■ What is being asked ■
From the line containing "中保科(9917)不畏疫情影" down to the last line of the material, output each line exactly as it appears, excluding pictures.

■ Dataset content ■
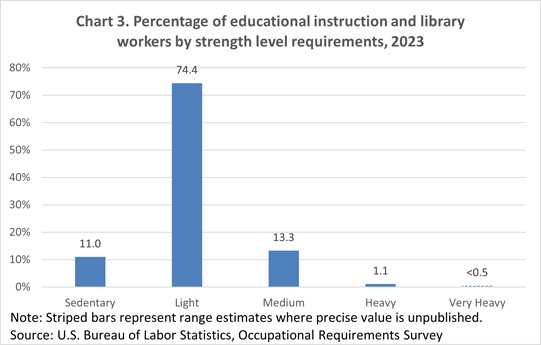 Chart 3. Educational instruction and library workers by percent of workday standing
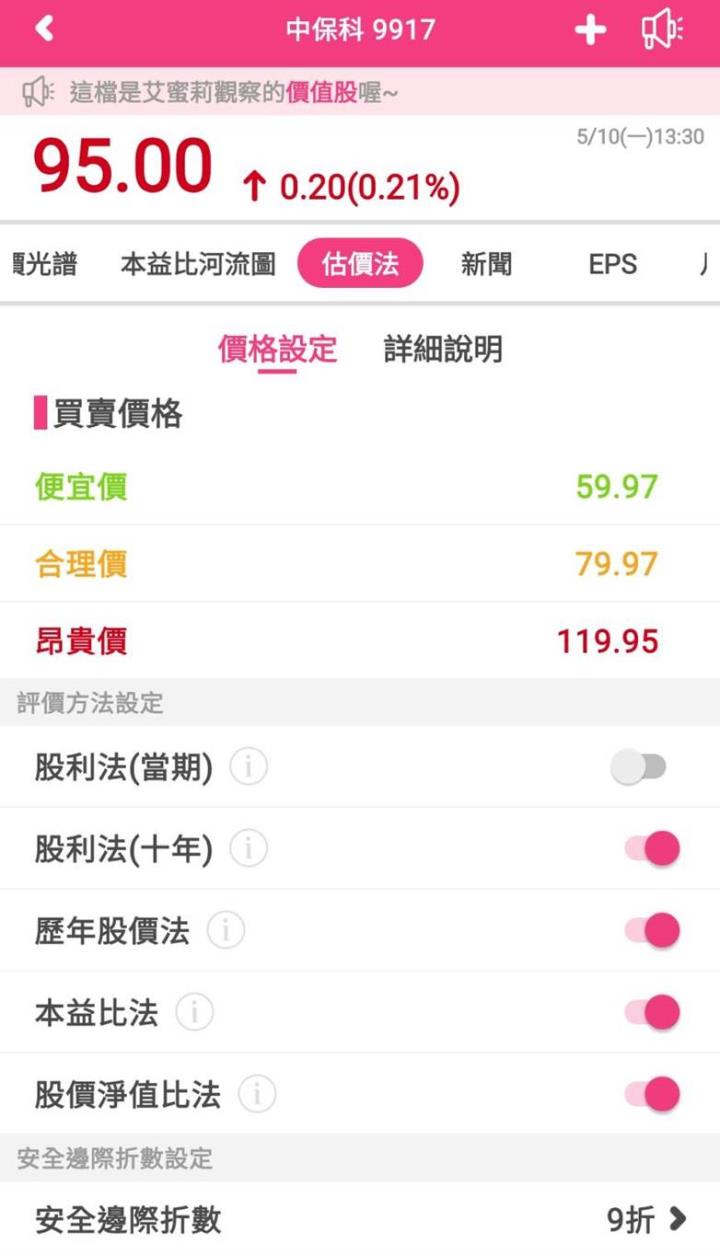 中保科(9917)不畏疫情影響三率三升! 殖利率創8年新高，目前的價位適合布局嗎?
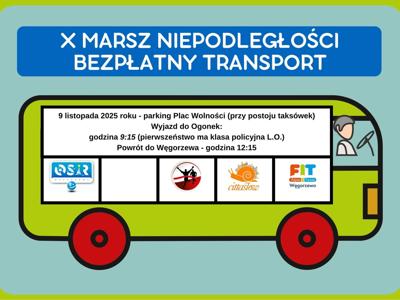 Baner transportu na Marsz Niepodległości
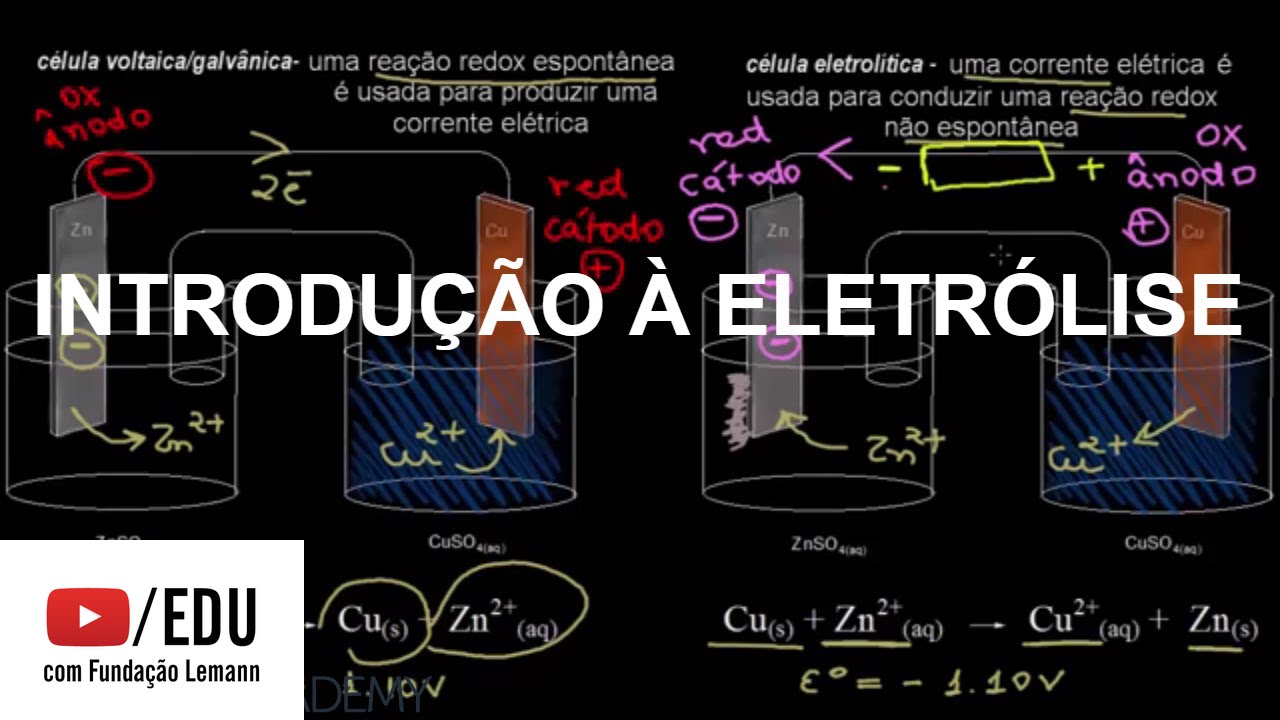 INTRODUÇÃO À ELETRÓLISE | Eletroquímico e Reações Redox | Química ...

■ Answer for this exercise ■
 中保科(9917)不畏疫情影響三率三升! 殖利率創8年新高，目前的價位適合布局嗎?
 Baner transportu na Marsz Niepodległości
 INTRODUÇÃO À ELETRÓLISE | Eletroquímico e Reações Redox | Química ...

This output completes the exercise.